Both at the press conference and in yesterday’s hearing, the attorney general insisted that Mueller had told him that it was not merely the Justice Department’s legal opinion stating that the president could not be indicted that prevented him from concluding that Trump had obstructed justice. “He made it clear that he had not made the determination that there was a crime” but for the opinion, Barr said at the press conference. The implication is that the issue was not just one of legal authority, but that the evidence wasn’t there either.
I don’t know what Mueller told Barr privately, but the report does not support this claim. Mueller lists four “considerations that guided our obstruction-of-justice investigation.” The first of them states that the Justice Department “has issued an opinion finding that ‘the indictment or criminal prosecution of a sitting President would impermissibly undermine the capacity of the executive branch to perform its constitutionally assigned functions’ in violation of ‘the constitutional separation of powers.’” Because Mueller is an officer of the Justice Department, “this Office accepted [the department’s] legal conclusion for purposes of exercising prosecutorial jurisdiction.”
The use of the word jurisdiction here is not casual. It means that Mueller believes he lacks the authority to indict the president. Because of that, he goes on to explain, he did not evaluate the evidence to render a traditional prosecutorial judgment. The report offers no support for the notion that Mueller stayed his hand on obstruction out of concern for the strength of the evidence.
The effects of these layers of mischaracterization are to rewrite the Mueller report and to recast the presidential conduct described in it. The direction of the recasting just happens to dovetail with the president’s talking points, and just happens to transmute him from a scofflaw with power into a victim of the “deep state.”
David Frum: Trump’s stonewall is beginning to crack
The mystery is why Barr is doing this. In an op-ed yesterday in The New York Times, Comey offered one hypothesis, writing that “amoral leaders have a way of revealing the character of those around them” and that “proximity to an amoral leader reveals something depressing. I think that’s at least part of what we’ve seen with Bill Barr and Rod Rosenstein. Accomplished people lacking inner strength can’t resist the compromises necessary to survive Mr. Trump and that adds up to something they will never recover from.”

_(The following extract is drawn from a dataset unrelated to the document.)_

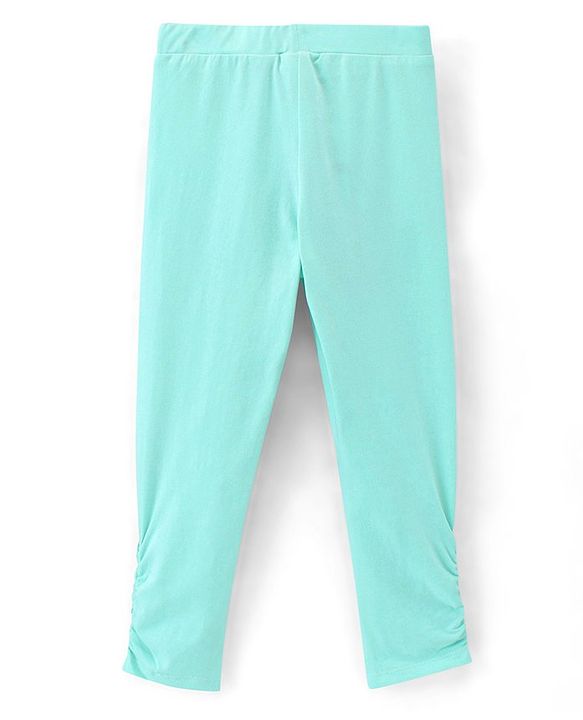 Pine Kids Three Fourth Length Biowashed Cotton Stretchable Leggings Solid & Leaf Print Pack Of 2 - Pink Green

This may be right. It may be the case that Barr knows that he’s spinning, and that he’s doing it—having had his soul eaten by Trump “in small bites,” in Comey’s poetic formulation—to preserve his position in the mad king’s court.
But we should also consider what is perhaps a scarier hypothesis: What if Barr actually believes it all? That is, what if he has sufficiently become a creature of the factual ecosystem of Trump’s support that he truly believes that the real problem here was not a president who accepted (noncriminally, of course) assistance from a hostile foreign power during his campaign, lied serially about it, and tried repeatedly to frustrate investigation of his conduct? What if Barr actually believes that closing a criminal case on these matters is the end of the historical conversation, as well as the end of the criminal conversation? What if he is actually untroubled by the substance of what Mueller reported and, like Rudy Giuliani, believes it’s okay for presidential candidates to take “dirt” from foreign governments on their rivals and okay for presidents to call up investigations of those rivals? What if he really believes that the true problem here was the investigators?
In some ways, the only thing scarier than an attorney general who would knowingly and cynically deliver the layers of misinformation Barr has been dishing is one who would do so because he’s all in on a collective delusion.